### Dataset records ###

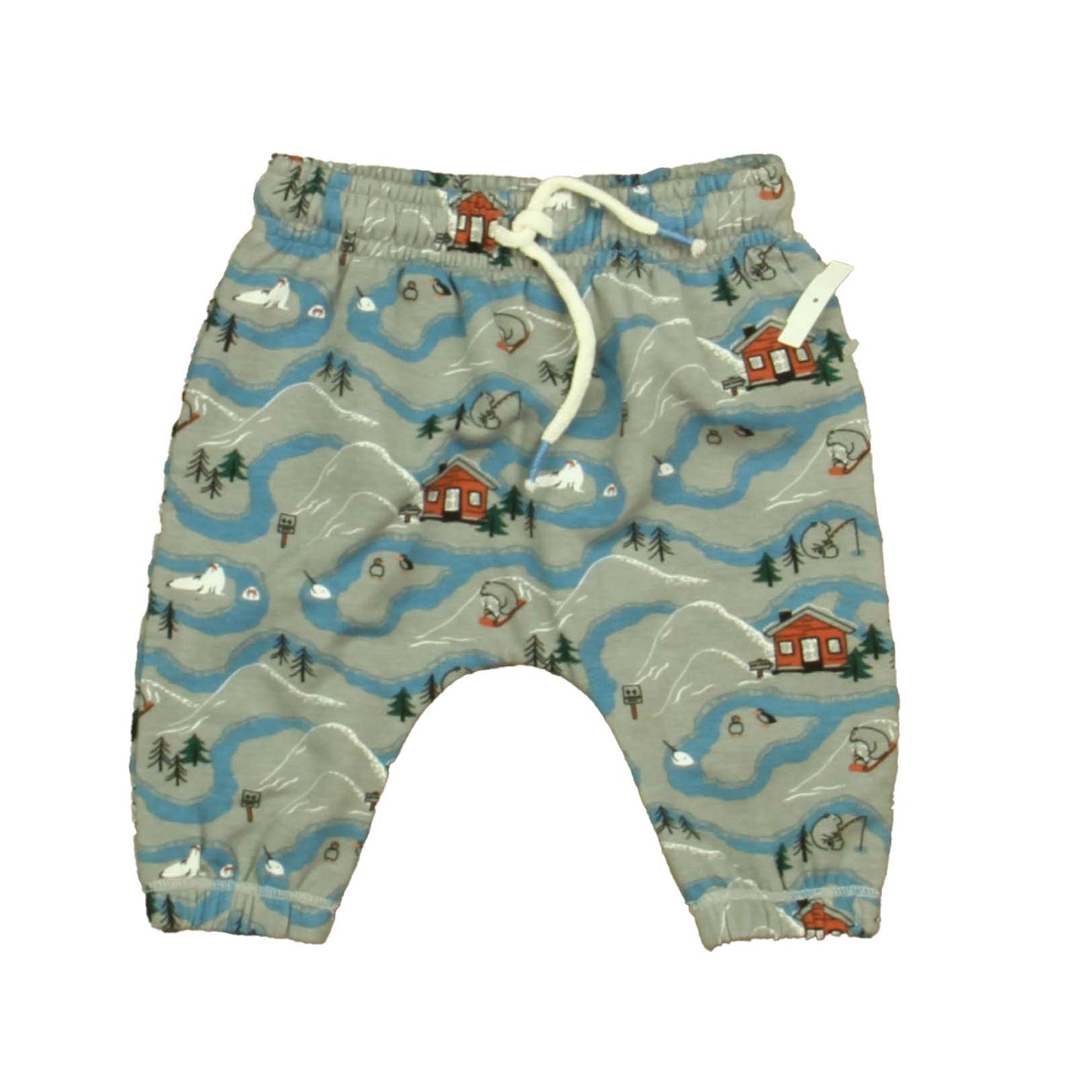 Tucker + Tate Boys Gray | Blue Leggings Size: 6 Months Gray | Blue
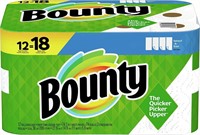 12CT Bounty Select-A-Size Paper Towels ROLLS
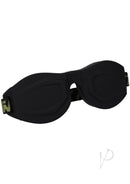 Fort Troff Black Ops Blindfold in black with cupped design for comfort and adjustable flex-fit strap.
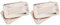 Unique Party 53278 - Foil Rose Gold Rectangular Paper Appetiser Plates, Pack of 16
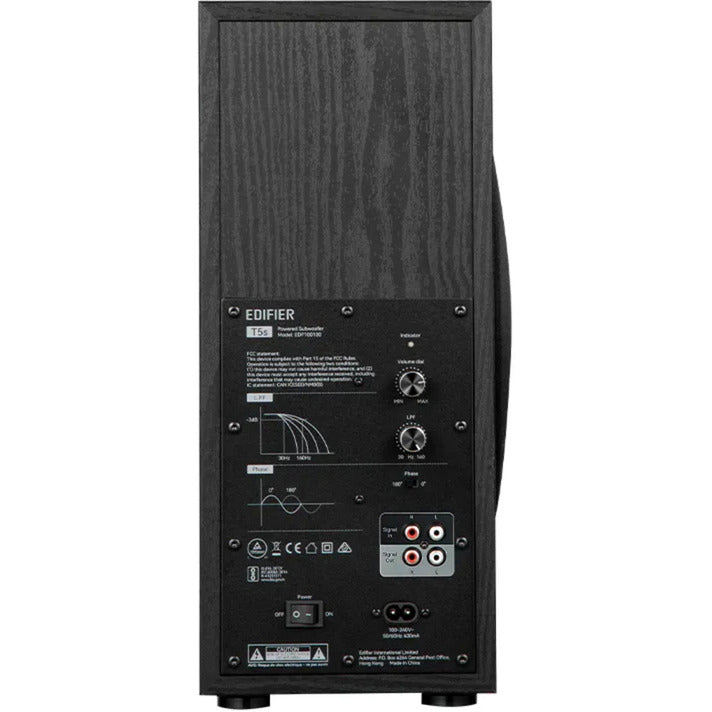 Afbeelding laden in galerijviewer, Edifier t5s actieve subwoofer luidspreker (zwart)
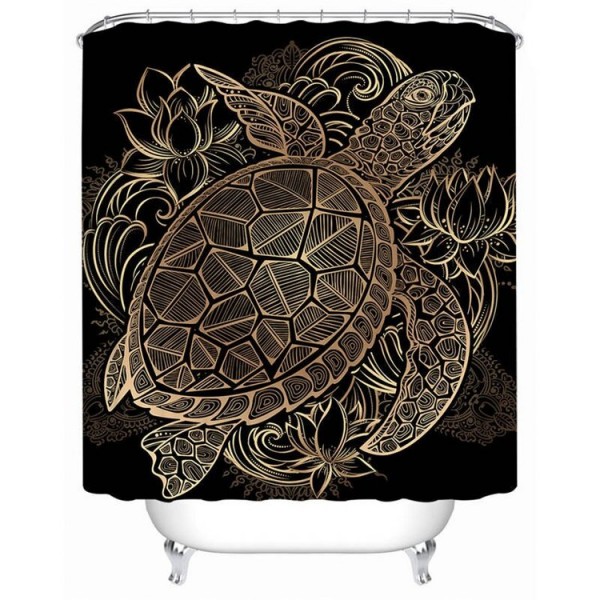 Sea Turtle - Print Shower Curtain UK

###

[Assignment]:
Every line above should be repeated exactly; pictures stay out of the copy.

[Solution for this problem]:
 Tucker + Tate Boys Gray | Blue Leggings Size: 6 Months Gray | Blue
 12CT Bounty Select-A-Size Paper Towels ROLLS
 Fort Troff Black Ops Blindfold in black with cupped design for comfort and adjustable flex-fit strap.
 Unique Party 53278 - Foil Rose Gold Rectangular Paper Appetiser Plates, Pack of 16
 Afbeelding laden in galerijviewer, Edifier t5s actieve subwoofer luidspreker (zwart)
 Sea Turtle - Print Shower Curtain UK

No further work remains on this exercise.